Saadet Partisi olarak her zaman hizmetten yana ve yerinden yönetimden yana olduklarını vurgulayan Saadet Partisi Genel Başkan Yardımcısı Tongüç; “Ama bunun şartlarını oluşturmak kaydıyla yapabilirsiniz. Onun için bugünkü büyükşehir yasası tamamen şekil yasasıdır, nasıl uygulanacağı belli değildir, tamamen 2014 sonrasındaki cumhurbaşkanlığı seçiminde herhangi bir sıkıntı çıkmaması üzerine temellendirilmiş bir siyasi adımdır. Bir şeyi ‘yaptım’ demek olmaz onun dört başı mağmur tedbirlerini alarak yapmak durumundasınız. Şimdi ilçeler nasıl il kavgasına girdiyse bundan sonra iller büyükşehir kavgasına girecektir. Mesela yakın planda Ordu ile Giresun, Burdur ile Isparta gibi yakın illerin birleştirilmesi. Ve asıl dikkatimizi çeken, başbakan bizdeyken İstanbul’a vize uygulanması taraftarıydı. Ama şimdi ‘50 milyona hazırlıyoruz’ diyorlar kanal projesi vasıtasıyla. Bu nüfus Anadolu’dan gelecek.
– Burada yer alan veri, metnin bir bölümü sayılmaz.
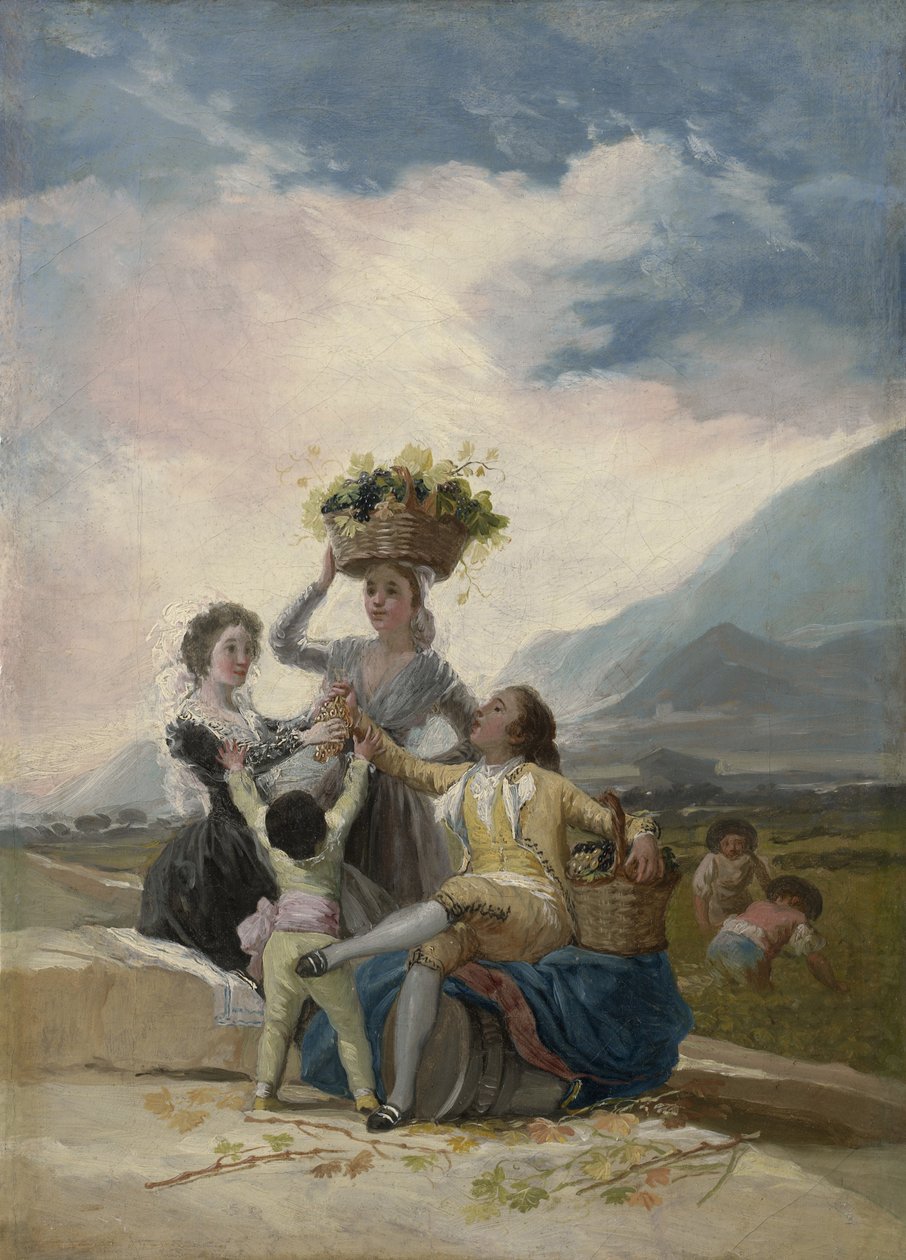 Høsten, 1786 av Francisco de Goya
Anadolu’nun boş olan toprakları, işlenmeyen toprakları maalesef tarlaya para verilerek üretimin desteklenmesi yerine tarlanın desteklenmesi yoluna gidilerek zaten belli bir göç ortamı oluşturulmuş ve Türkiye 2009-2011 döneminde 3 milyona yakın karşılıklı göç vermiştir. Bu göçlerin büyük bir bölümü de Orta Anadolu, Karadeniz ve Güneydoğu Anadolu’dandır. Ve büyükşehirlere doğru akın başlamıştır. Burada biz yerinde, yaygın bir üretimin desteklendiği bir ekonominin canlı hale gelmesini her zaman arzu ediyoruz. Bu çerçevede yaşanacak kaosu da şimdiden testi kırılmadan haber veriyoruz. Milletimiz meselenin detayları hakkında fazla bilgi sahibi değiller çünkü kanun daha çok yeni, belki cumhurbaşkanı geri gönderir tam bilemiyoruz. Ama eğer cumhurbaşkanı onaylarsa 2014 Mart’tan itibaren bu problemlerle milletin karşılaşacağını bilerek hareket edilmesinde fayda vardır. Yoksa bir yere ‘sen busun’ demekle o olmuyor. Onun gerekli altyapısının da hazırlanması gerekmektedir” şeklinde konuştu.
“Uygulamayı Görmek Lazım”
Saadet Partisi Yerel Yönetimlerden Sorumlu Genel Başkan Yardımcısı İlyas Tongüç son olarak ülkemizde yeni uygulamaya konulan kamu hastaneleri birliği hakkında değerlendirmelerde bulunarak şunları söyledi; “Kamu Hastaneleri Birliği anlaşıldığı kadarıyla profesyonel yönetim, şirketlerdeki ceolar temel alınarak, kâr-zarar hesabı üzerinden doktorun tamamen hastayla ilgileneceği, yönetimin ise alım-satım dahil tamamen profesyonel ekipler tarafından yapılacağı, ekiple gelip-gitmeyi temel alan bir anlayış var. Uygulamayı görmek lazım. Buna benzer birçok proje uygulandı. Bunun tabi tıp camiasında meydana getireceği durumu bir değerlendirmek lazım. Uygulamayı bir görmek de yarar var diye düşünüyorum.”
Bizim Elbistan Gazetesi Kurucusu ve Sahibi hasan Göçer ise Saadet Partisi Yerel Yönetimlerden Sorumlu Genel Başkan Yardımcısı İlyas Tongüç ile beraberindekilere nazik ziyaretlerinden dolayı teşekkür etti.